There’s a little starter for using DALI in the course repo BTW. It is just enough to give you a sense of how to get started writing your own data-blocks-style API using DALI. I’ll probably come back to it and flesh it out in the coming weeks.

sshleifer · April 12, 2019, 4:15am

in sgd_step we say p.data.add_(-lr, p.grad.data). Why do we use two arguments instead of multiplying?

t-v · April 12, 2019, 4:55am

I’d probably not use type and to(device=..., dtype=...) instead.

Best regards

Thomas

t-v · April 12, 2019, 5:03am

So

%timeit -n 10 grid = F.affine_grid(theta.cuda(), x.size())

would become the (more verbose, unfortunately)

theata_cuda = theta.cuda()
def time_fn():
  grid = F.affine_grid(theta_cuda, x.size())
  torch.cuda.synchronize()

time_fn() # mini warm-up and synchronize
%timeit -n 10 time_fn()

The warm-up seems to be done generally and it gives us a torch.cuda.synchronize() so everything before out function is done when we call the function.
Then the time_fn() synchronizes to make sure we don’t read off the time before the kernel is actually done.

I guess one could make a %cuda_timeit magic to get back to the nice, short way of calling it.

AhriaR · April 12, 2019, 5:59am

Would it simplify the code in Learner’s init and remove the need for cb_funcs if our callbacks were just passed to Learner through the cb kwarg as an array of class instances e.g.
cbs = [Recorder(), AvgStatsCallback(accuracy)] instead of cbfs = [Recorder, partial(AvgStatsCallback,accuracy)]
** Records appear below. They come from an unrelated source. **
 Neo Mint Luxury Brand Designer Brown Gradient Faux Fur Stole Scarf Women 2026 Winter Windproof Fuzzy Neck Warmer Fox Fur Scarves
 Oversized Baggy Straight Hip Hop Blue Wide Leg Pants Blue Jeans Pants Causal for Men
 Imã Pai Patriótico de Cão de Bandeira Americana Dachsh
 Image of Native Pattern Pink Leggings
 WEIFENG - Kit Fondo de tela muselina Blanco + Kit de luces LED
stas · April 12, 2019, 6:33am

Not if the callback is a LearnerCallback subsclass, and requires learn at instantiation, e.g. see examples here: https://docs.fast.ai/metrics.html#Creating-your-own-metric

Kjeanclaude · April 12, 2019, 8:24am

OK, thank you Jeremy.
I didn’t know because it is not again in the Official Callback documentation. I will try it.
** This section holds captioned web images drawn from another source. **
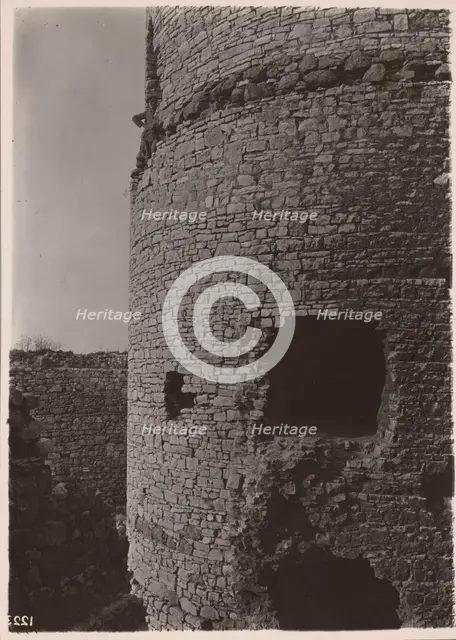 Castle - fragment of the lower parts of the cylindrical tower, Bedzin, 1924. Creator: A Karczewski.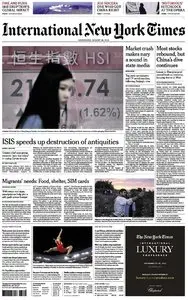 International New York Times - Wednesday, 26 August 2015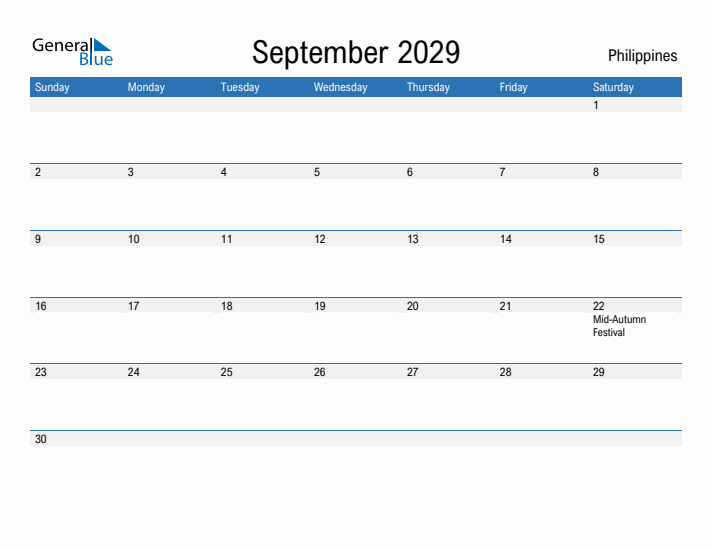 Fillable September 2029 Calendar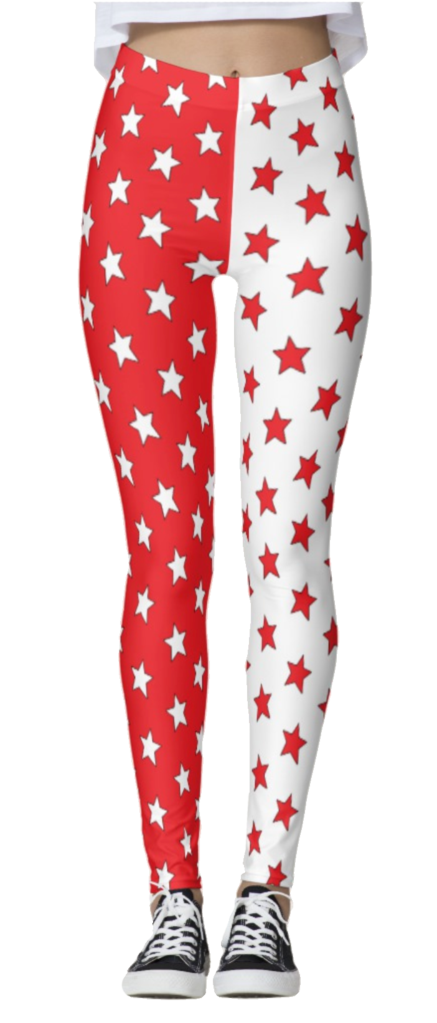 red and white leggings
Kjeanclaude · April 12, 2019, 9:27am

They start by defining beta and zeta values (in the model definition).
Then, through the annealing algorithm applied to these values (parabolic and exponential annealing), they proceed to loss reduction during the training.
It is not yet applicable in the model definition in one step as dropout, but I am happy to find this implementation. Congratulations to the authors!
I discovered the delta rule last year with my PhD in AI at BIU.
Thanks for sharing @Kaspar!

ste · April 12, 2019, 3:25pm

Does it make sense to normalize images after data augmentation in case this step introduces too big distortions, especially to colors?

t-v · April 12, 2019, 4:06pm

Usually (e.g. for ImageNet) the normalization is fixed based on the entire training dataset data statistics and not from per image statistics. (And it makes sense, consider Jeremy’s fog vs. sunny thought experiment from the other day.) As such, the normalization is not dependent on the augmentation and it doesn’t matter as much.
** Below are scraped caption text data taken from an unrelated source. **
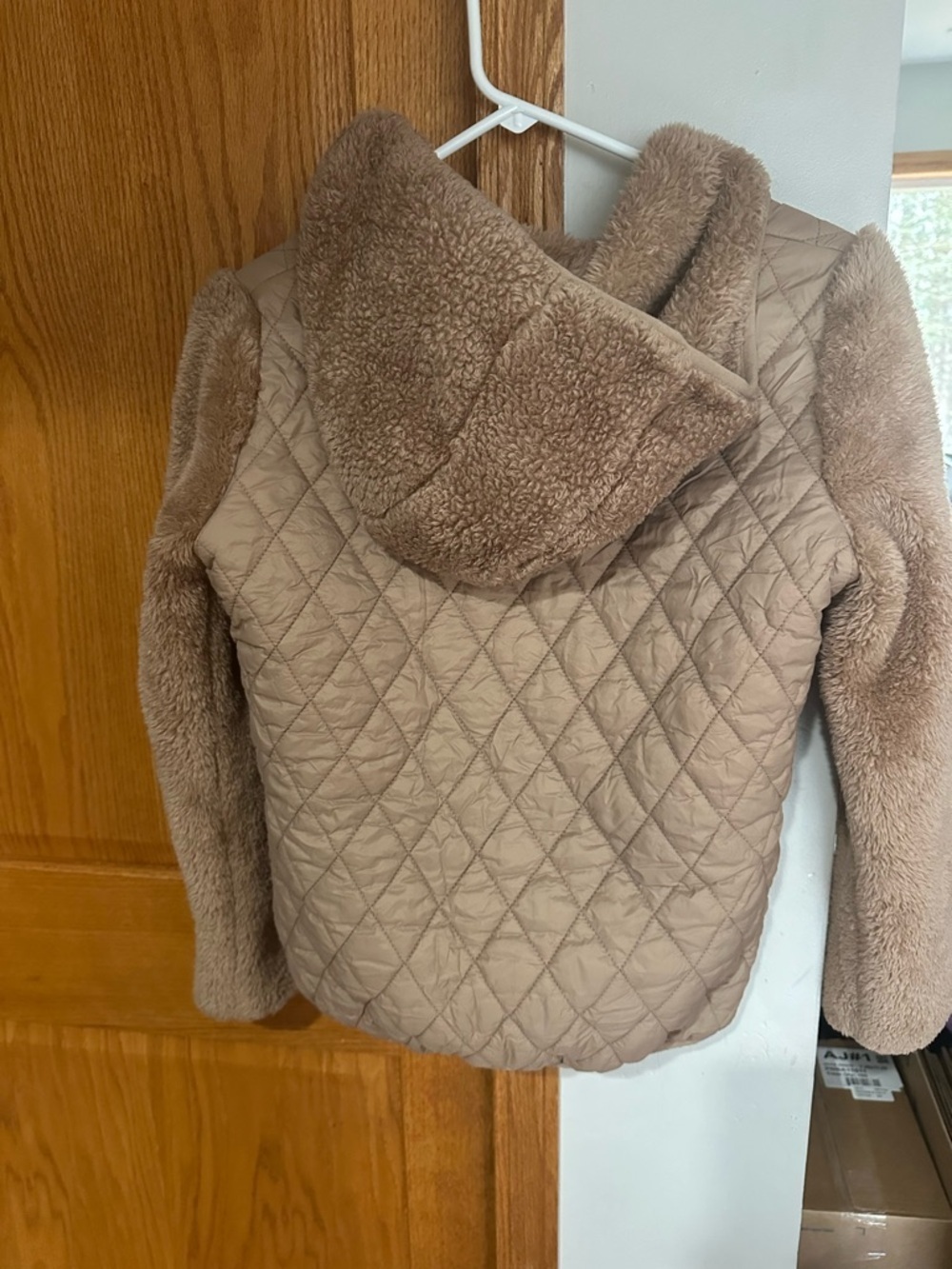 DKNY Sport Jacket Girls L Sherpa Quilted Taupe Puffer Hybrid XS Petite - Picture 3 of 6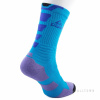 PEAK BASKETBALL SOCKS W14909 SKY BLUE/BLACK/PURPLE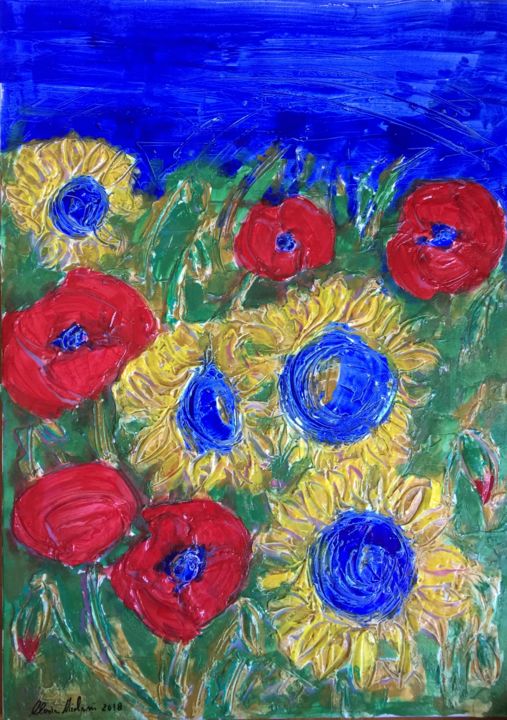 Painting titled "Colors of life" by Alessia Nicolini, Original Artwork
AhriaR · April 12, 2019, 4:38pm

Thank you Stas!

rsrivastava · April 12, 2019, 6:44pm

All about magic methods in Python:

http://minhhh.github.io/posts/a-guide-to-pythons-magic-methods

jeremy · April 12, 2019, 7:00pm

Check the docs for add and tell us what you find

jeremy · April 12, 2019, 7:01pm

None of the things we’ve built in this course are in the docs. We’re building everything from scratch, remember!

jeremy · April 12, 2019, 7:02pm

No, because the point of such augmentation would be lost if you then normalized it out again!

tank13 · April 12, 2019, 7:35pm

I’m getting an assertion error for test_eq(setify('aa'), {'aa'}). It looks like (‘aa’) is getting listified as [‘a’, ‘a’], which then turns into the set {‘a’}. My listify is coming from nb04 – any suggestions?

Kjeanclaude · April 12, 2019, 8:28pm

OK, I got it Jeremy. Thank you!

jcatanza · April 12, 2019, 8:40pm

I don’t understand why you shouldn’t normalize after augmentation. Augmentation extends the training set with “new” images, exactly as if we had gathered such images in the field as part of our data set. In the latter case, we would normalize the whole data set, after its collection. Why wouldn’t we treat the data set containing the augmented images the same way?

jeremy · April 12, 2019, 9:01pm

You might need to git pull the course repo.